Bij bescheiden als de onderhavige, rekeningafschriften en door de bank opgestelde portfolio-overzichten die betrekking hebben op rekeningen waarvan de belanghebbende reeds als rekeninghouder was geïdentificeerd en van welke stukken de inspecteur derhalve het bestaan mag aannemen, staat buiten twijfel dat het gaat om materiaal dat onafhankelijk van de wil van de betrokkene bestaat (zie HR 21 maart 2008, nr. 43050, ECLI:NL:HR:2008:BA8179, BNB 2008/159).”
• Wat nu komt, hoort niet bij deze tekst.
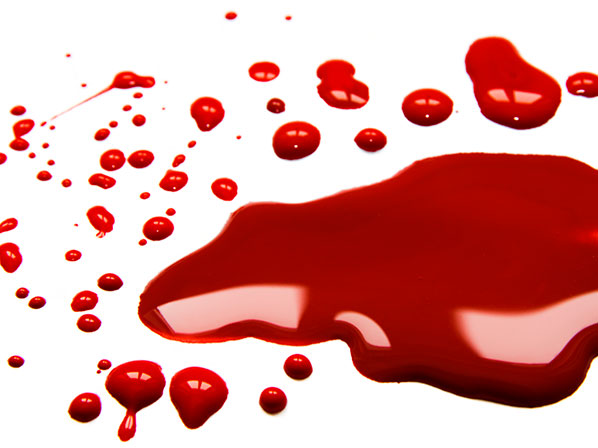 Los anémicos de la farándula - Perder sangre = anemia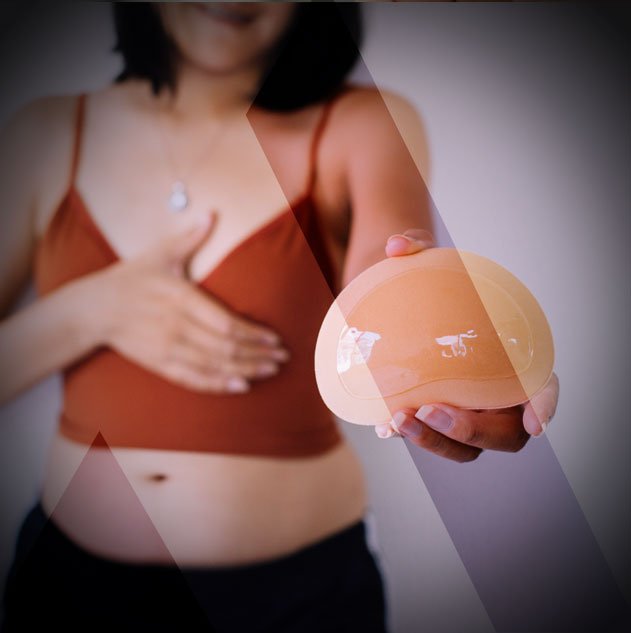 change-breast-prothesis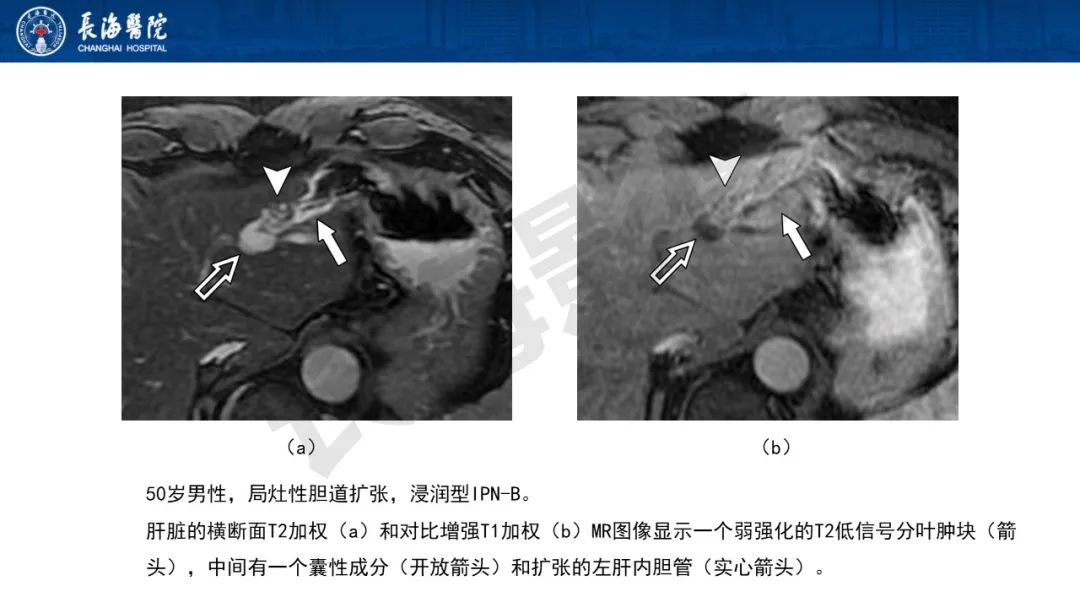 影像PPT - 【PPT】罕见胆道腔内肿瘤的影像学表现-15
28. Onder de hiervoor vermelde omstandigheden rust op eiser ingevolge artikel 47, eerste lid, van de AWR de verplichting de gevraagde gegevens en inlichtingen te verstrekken. Eiser heeft niet aan de verplichting tot verstrekking van gegevens en inlichtingen voldaan en zal daartoe alsnog in de gelegenheid worden gesteld.
29. Ook hetgeen eiser nog overigens of anderszins heeft aangevoerd – onder andere de gestelde schending van de artikelen 3:2, 3:4 en 7:12, eerste lid, van de Awb, welke de rechtbank overigens niet aannemelijk gemaakt acht – kan niet leiden tot een andersluidend oordeel.
30. Het voorgaande brengt de rechtbank tot de conclusie dat de informatiebeschikking terecht is afgegeven, zodat het daartegen gerichte beroep ongegrond dient te worden verklaard.
Proceskosten
31. Bij deze uitkomst van de procedure ziet de rechtbank geen aanleiding voor een proceskostenveroordeling.